Em menos de dois anos, foram 44 mil casos de malária na terra yanomami, onde vivem 28 mil indígenas. Mais da metade das crianças está desnutrida, segundo o MPF (Ministério Público Federal). Em comunidades mais isoladas, o índice chega a 80%.

Houve escassez profunda de medicamentos para combater verminoses, com suspeitas de fraude e corrupção investigadas pela PF. O não fornecimento de vermífugos deixou mais de 10 mil crianças yanomamis desassistidas, segundo a PF.

O inquérito sobre crime de genocídio investigará ainda omissão de socorro, crimes ambientais e outros delitos, conforme o ofício assinado pelo ministro da Justiça.

O governo Lula (PT) declarou emergência em saúde pública e criou um comitê de coordenação nacional para enfrentamento à desassistência sanitária na terra yanomami.

Em 1948, a recém-criada ONU (Organização das Nações Unidas) aprovou a Convenção para Prevenção e Punição do Crime de Genocídio, definido em duas partes.

Uma delas é a “intenção de destruir, no todo ou em parte, um grupo nacional, étnico, racial ou religioso, como tal”. A outra parte lista cinco condutas que, se praticadas com essa intenção, configuram o crime de genocídio. São elas:

a) matar membros do grupo;

b) causar lesão grave à integridade física ou mental de membros do grupo;

c) submeter intencionalmente o grupo a condição de existência capazes de ocasionar-lhe a destruição física total ou parcial;

d) adotar medidas destinadas a impedir os nascimentos no seio de grupo;

e) efetuar a transferência forçada de crianças do grupo para outro grupo.

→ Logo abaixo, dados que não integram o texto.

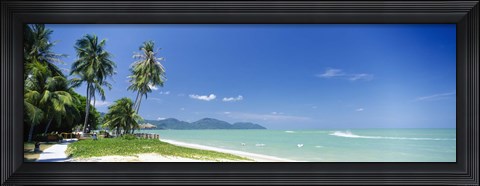 Framed Palm trees on the beach, Penang State, Malaysia Print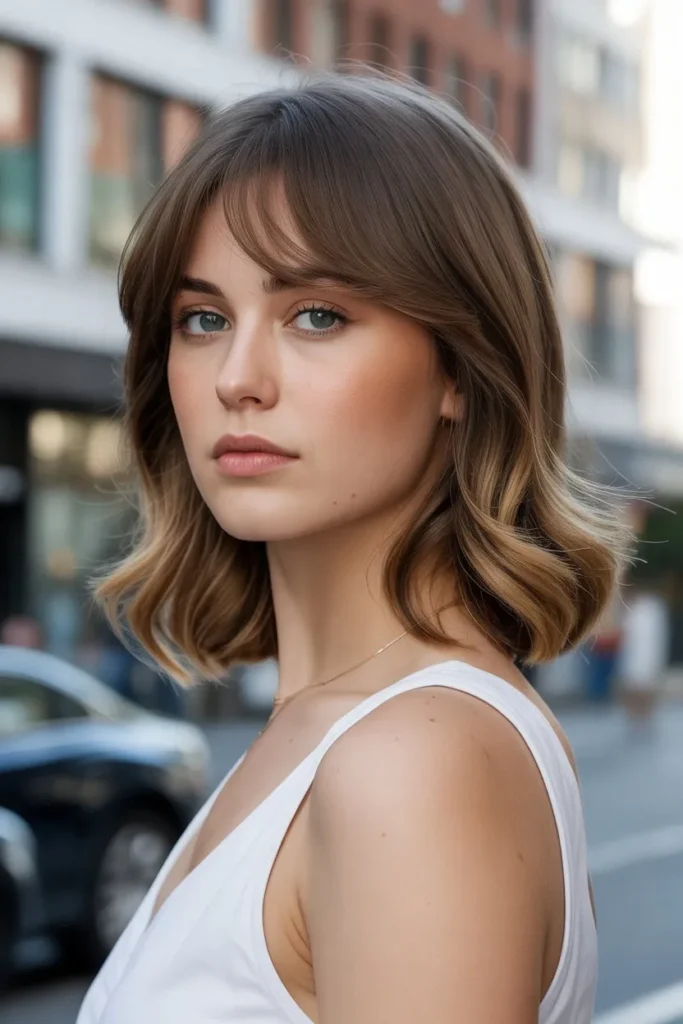 Shoulder Length Hair With Side Swept Bangs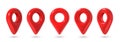 3d pins. Red map location pin in various position, GPS point. Place marker for maps, navigation pointer for app. Destination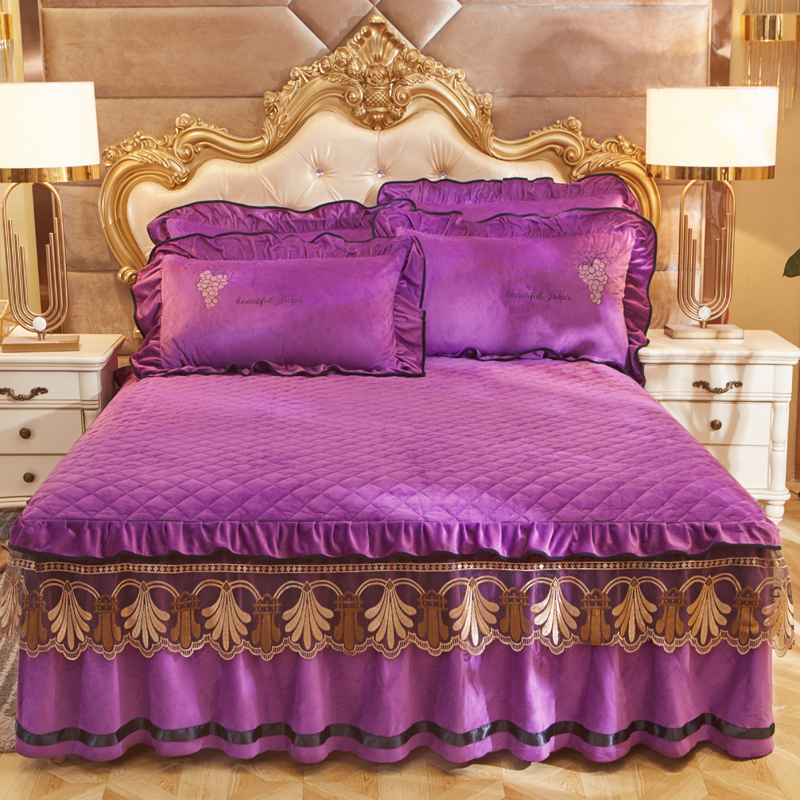 2020新款绣花水晶绒夹棉单床裙 1.8米 伊甸园-紫色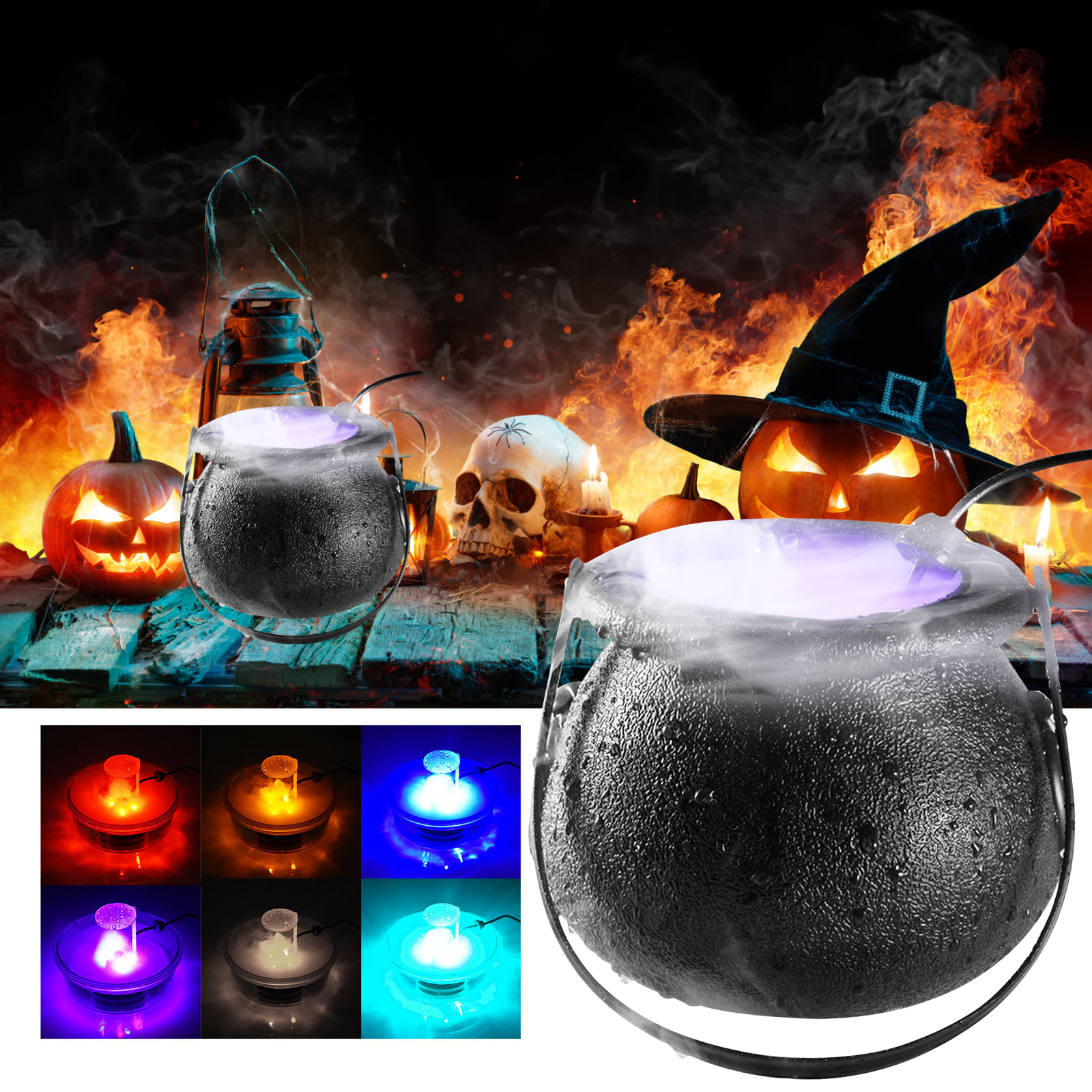 New Halloween Witch Pot Smoke Machine Fog Maker Water Fountain Fogger Color Changing Fog Machine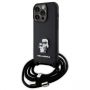 - Karl Karl Crossbody Saffiano Metal Pin Karl & Choupette case for iPhone 15 Pro black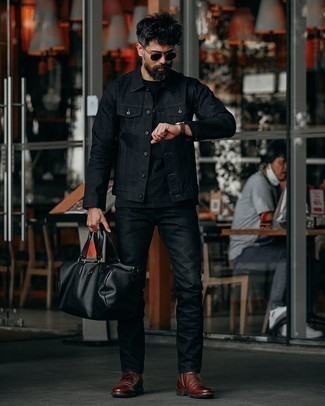 Blue Chinos with Black Denim Jacket Outfits (8 ideas & outfits) | Lookastic-sgquangbinhtourist.com.vn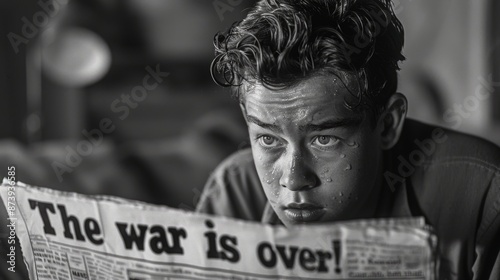 Captured in a 1940s black and white photograph, a young man seated in his chair expresses surprise upon reading the end of the war from his newspaper. photo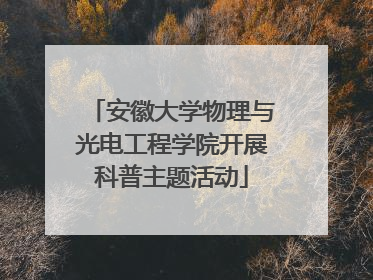 安徽大学物理与光电工程学院开展科普主题活动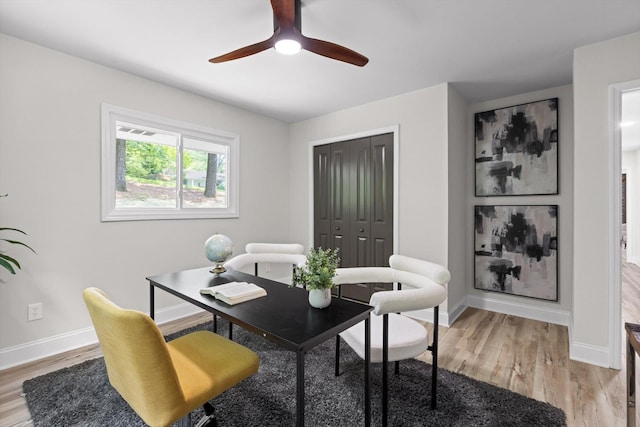 2605 Avalon Hl, Chattanooga, TN 37415 - office area featuring baseboards, light wood-style floors, and a ceiling fan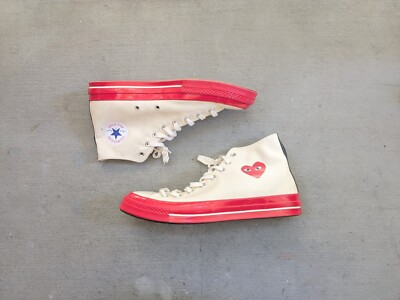 Converse Chuck 70 CDG Pristine Red Egret HI Top Canvas Shoes Men 11.5 High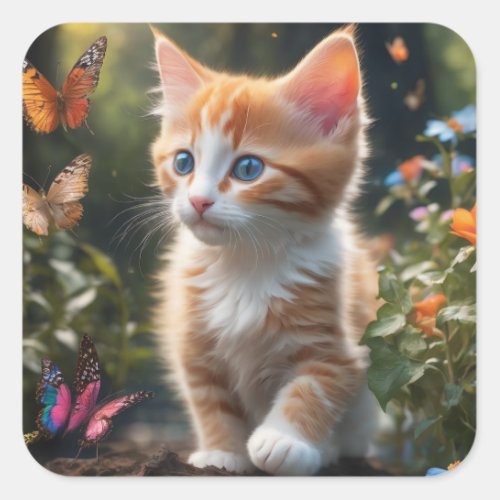 Cute ginger kitten in a field sticker square sticker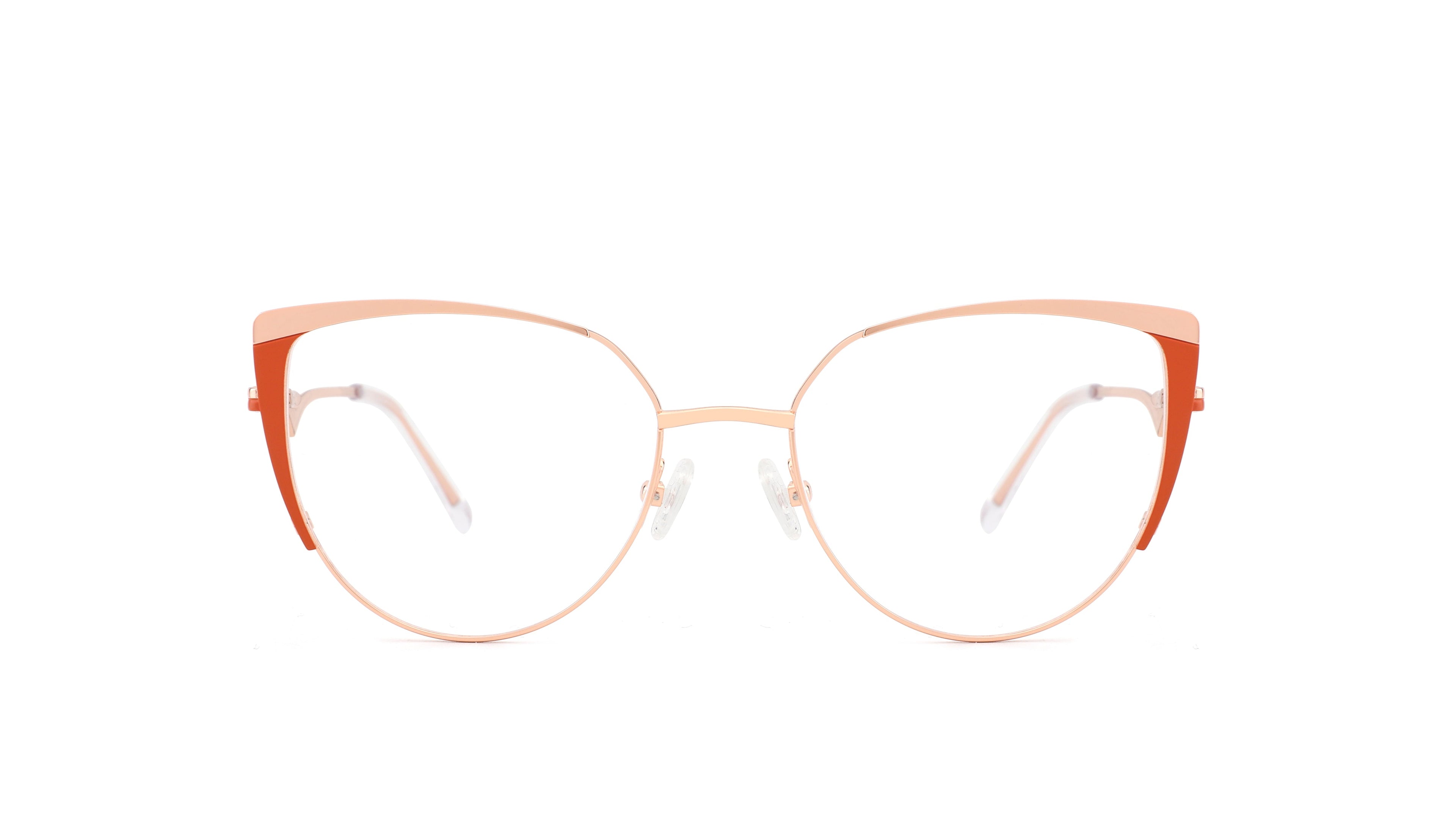 Oversized round eyeglasses with a thin rose gold metal frame and orange-red temples, shown against a plain white background.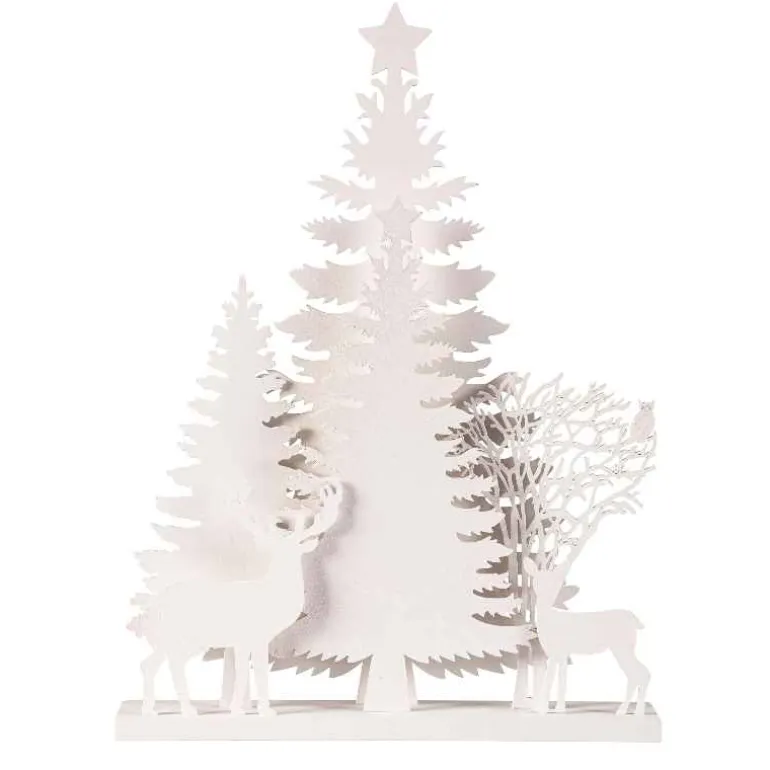 Scandinavian-Inspired Wooden LED Forest Scene
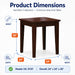 Product dimensions diagram for a dark brown wooden end table from the Hamilton Collection, showing height, depth, and width measurements with blue arrows and orange dimension labels on a white background.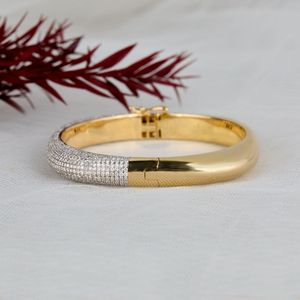 Bracelet homme haut de gamme en moissanite pavée, large, en argent sterling 925, or 10k 14k 18k, platine, avec micro-pavé articulé. - Product Image 2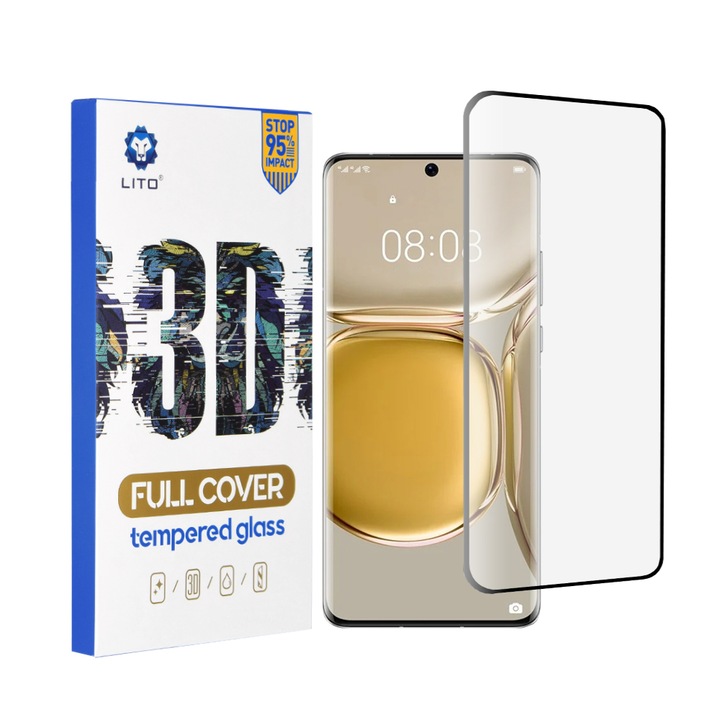 Ütésálló üvegfólia Huawei P50 Pro készülékhez, fekete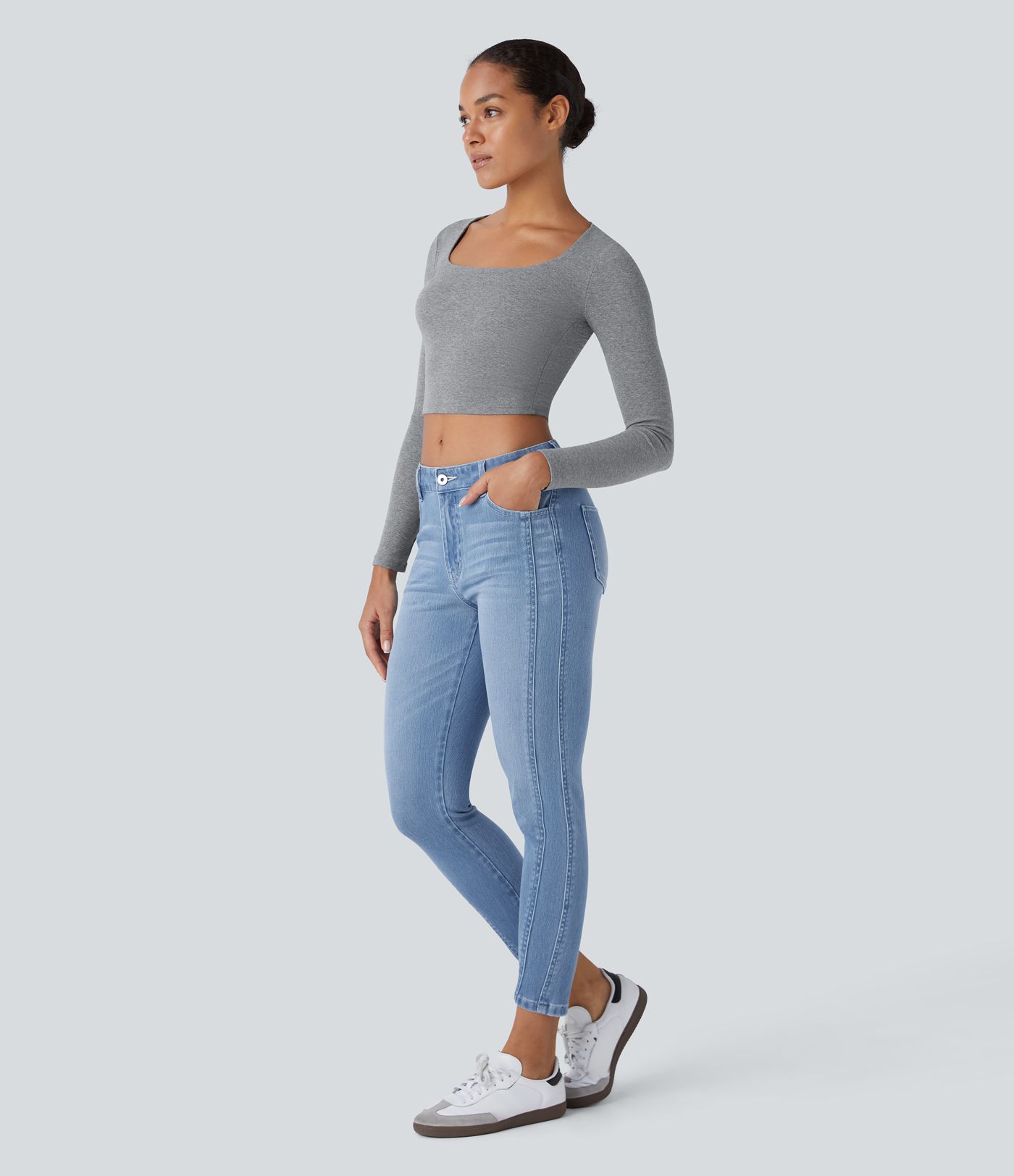 Halara Flex™ Mid Low Rise Zipper Pockets Casual Skinny Jeans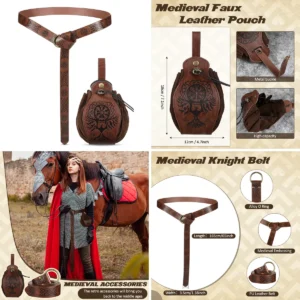 Cinturón Vikingo con Bolsa: Estilo Gótico y Renacentista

A convenção da ONU passou a valer no Brasil em 1952 e, quatro anos depois, o então presidente Juscelino Kubitschek sancionou a lei 2.889/1956, que define e pune o crime de genocídio.

A lei brasileira repete os termos das Nações Unidas e acrescenta algumas regras específicas, como as penas aplicáveis: a mínima não fica abaixo de dois anos de prisão (nos casos de lesão grave ou transferência forçada) e a máxima pode chegar a 30 anos (no caso de morte).